食品研究与日常生活息息相关，需要利用大数据。在这一领域，研究数据由各种形式和格式组成，包括生物实验结果、化学分析数据、营养信息、微生物数据、传感器数据、图像和视频。这种多样性源于更大领域内不同子领域数据的整合。随着最近深度学习技术的进步，数据的重要性显著增加，导致对数据驱动型研究的依赖性增加。虽然国家层面已经建立了专门的数据共享和利用平台，特别是在生物科学领域，但粮食研究缺乏专门的基础设施和专门的数据共享平台。在本研究中，我们开发了一个利用基于 Hadoop 的分布式文件系统创建数据湖的平台。该平台通过基于网络的界面实现数据存储和共享。分布式文件系统支持通过添加数据节点来实现可扩展性，是扩容的有效解决方案。此外，基于网络的平台确保了高度的可访问性，允许用户随时随地使用任何设备进行访问。最后，我们介绍了基于 Hadoop 的 1.8 PB 物理存储系统的建立情况，并提出了一种建立高度可访问的、实用的网络平台的方法。

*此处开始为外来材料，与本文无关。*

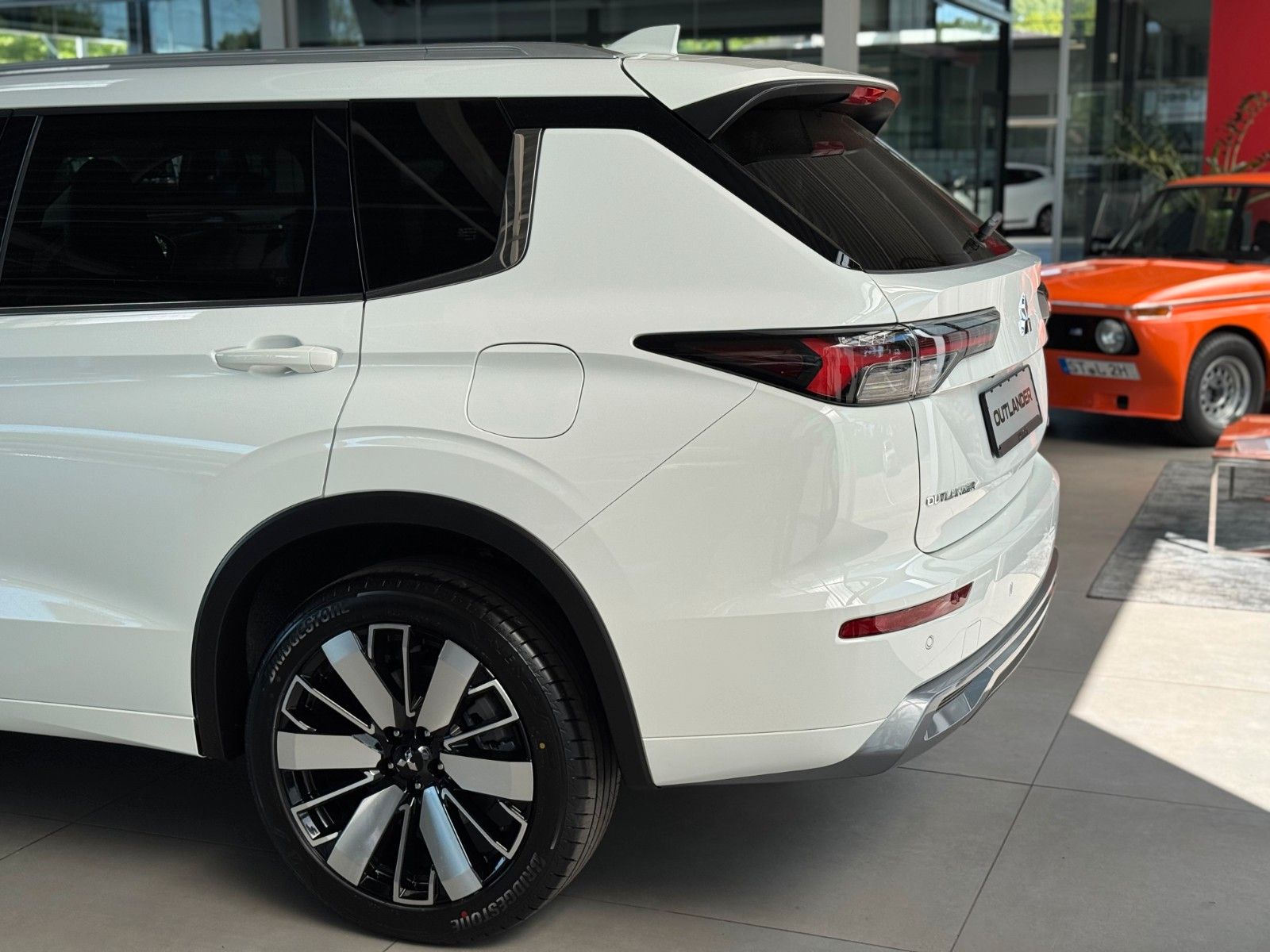 Fahrzeugabbildung Mitsubishi Outlander 2.4 PLUG-IN HYBRID 4WD TOP
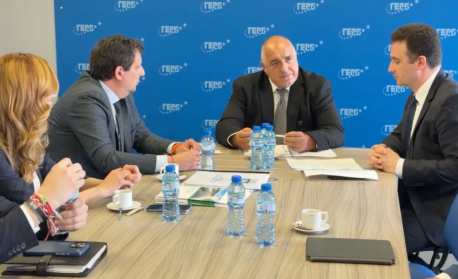 Борисов: Наш приоритет е рафинерията в Бургас да работи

本文章由计算机程序翻译，如有差异，请以英文原文为准。

求助全文

约1分钟内获得全文求助全文

来源期刊

Journal of Web Engineering 工程技术-计算机：理论方法

CiteScore

1.80

自引率

12.50%

发文量

审稿时长

9 months

期刊介绍： The World Wide Web and its associated technologies have become a major implementation and delivery platform for a large variety of applications, ranging from simple institutional information Web sites to sophisticated supply-chain management systems, financial applications, e-government, distance learning, and entertainment, among others. Such applications, in addition to their intrinsic functionality, also exhibit the more complex behavior of distributed applications.